Growing up isn’t always easy. Hormones course rampantly through your body like cheap liquor, insignificant issues are morphed into earth-shattering natural disasters, and all the while you walk the floss-fine tightrope between parental expectations and inner desires. If life is merely a series of hurdles established by the gods for mortals to overcome, adolescence is surely the first major challenge that most people would face - and often it offers stumbles that can’t be recovered from. And yet, as soon as the thickets of youth begin to clear and innocent smiles are transformed into wrinkled parchments, its terrors are often forgotten or overlooked, written off as the by-products of a natural chemical imbalance.
Thus is the paradox explored in Nicholas Dante’s debut album, Hue (released on April 1st, 2016), which ambitiously strives towards a serious comprehension and acknowledgement of the troubles of teenagehood by distilling them into musical form.
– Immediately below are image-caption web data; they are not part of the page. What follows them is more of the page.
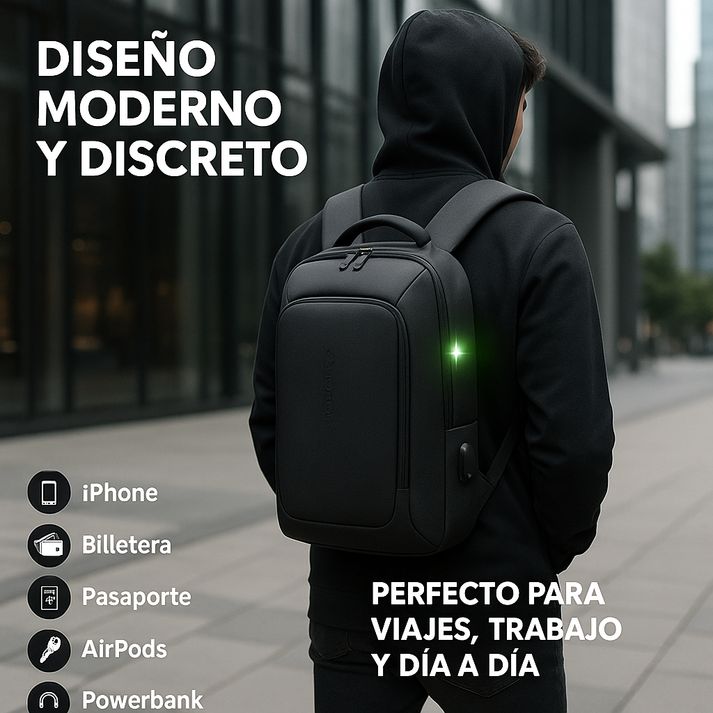 Bolso cruzado antirrobo negro - 70% SOLO HOY ¡APROVECHA AHORA!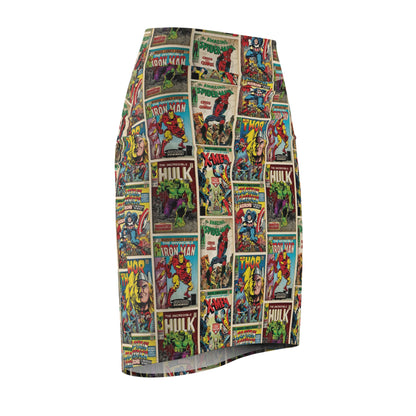 Marvel Comic Book Cover Collage Women's Pencil Skirt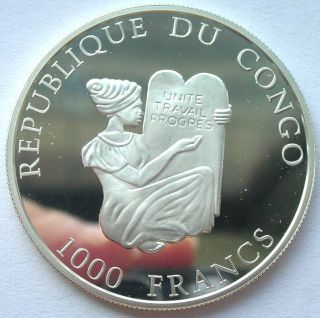 Congo 1996 Soccer 1000 Francs Colour Silver Coin,  Proof 2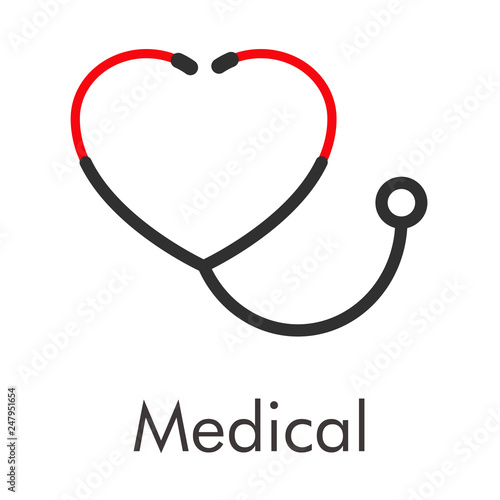 Logotipo abstracto con texto Medical con estetoscopio como corazón en color rojo y gris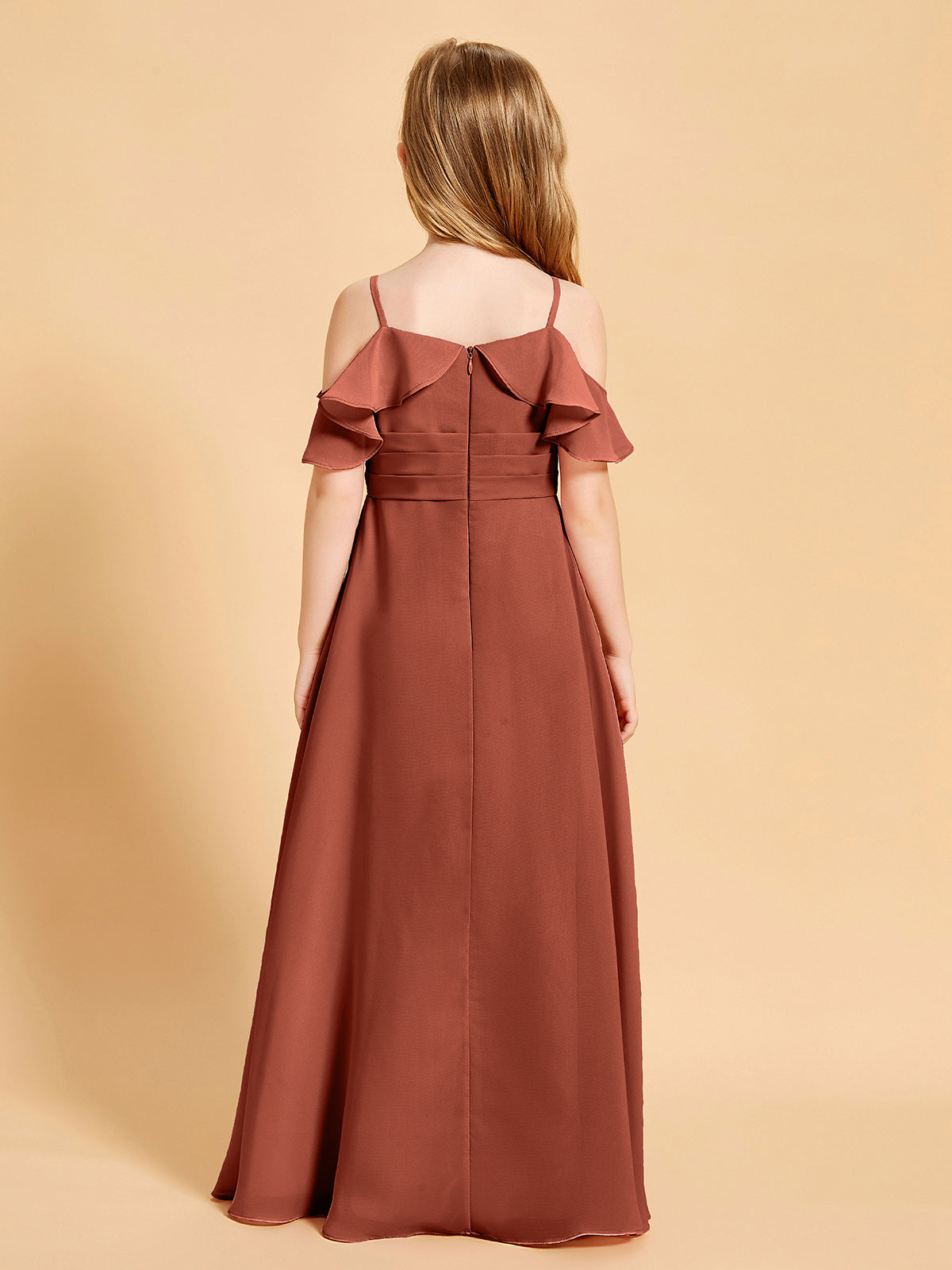 Off-the-Shoulder Bridesmaid Gown for Juniors Rust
Described by Dante as a lyrical “story”, the album narrates the turbulence of growing up in an uncertain world and experiencing the novelty of first love, all while dealing with the loss of innocence that comes from understanding the world around you in a new way. It’s an issue that Dante, who hails from opulent Long Island in New York, has had a long time to consider in his sixteen years of life. Inspired by the idols of his childhood, Dante looked towards such mononyms as Britney, Beyonce and Michael to create what has become as much a tribute to his inspirations as it is an assertion of independence.
It is the Gatsby-esque experiences which coloured these sixteen years that culminate in Dante's lead single from the project, 'Make U Weep'. Featuring an absolutely relentless barrage of a bassline and lyrics that read like an entry straight from Heidi Montag's sex diary about going "down on you low/Taking control/Give you some good/Cause ya' know that I could give you what you deserve", the track distills the feeling of drunk sex into a total of three minutes and twenty-three seconds. ‘Make U Weep’, which is written and produced by Luke Gus, is an anomaly on an album which is otherwise entirely self-written and produced by Gryves Martell of Britney Spears' Bare fan-made album fame; but in reality, all eight tracks excel in production and professionalism far beyond what you might expect from a first-time singer and self-professed ATRL star.
And despite the five-star calibre of the tracks, they’re all centred around a vulnerability and intimacy which you’d be hard pressed to find in any A-list star. Dante says that his main goal with his music is to relate to people on a visceral level, bonding over the shared experience of first love and the awkwardness of teenage affection. For him, Hue is a realisation of self-worth and confidence as an independent musician making his way in the twenty-first century; but it also marks the end of an era, and the nostalgia for those adolescent days behind him pulses through the album. It’s a feeling that everyone can relate to: the sense of an ending that comes with the final chapter of every book and every final goodbye to a departing friend. But with every ending comes the beginning of something new; and with Hue, we get the sense that Dante’s possibilities are as limitless as the spectrum of colours which inspired its title.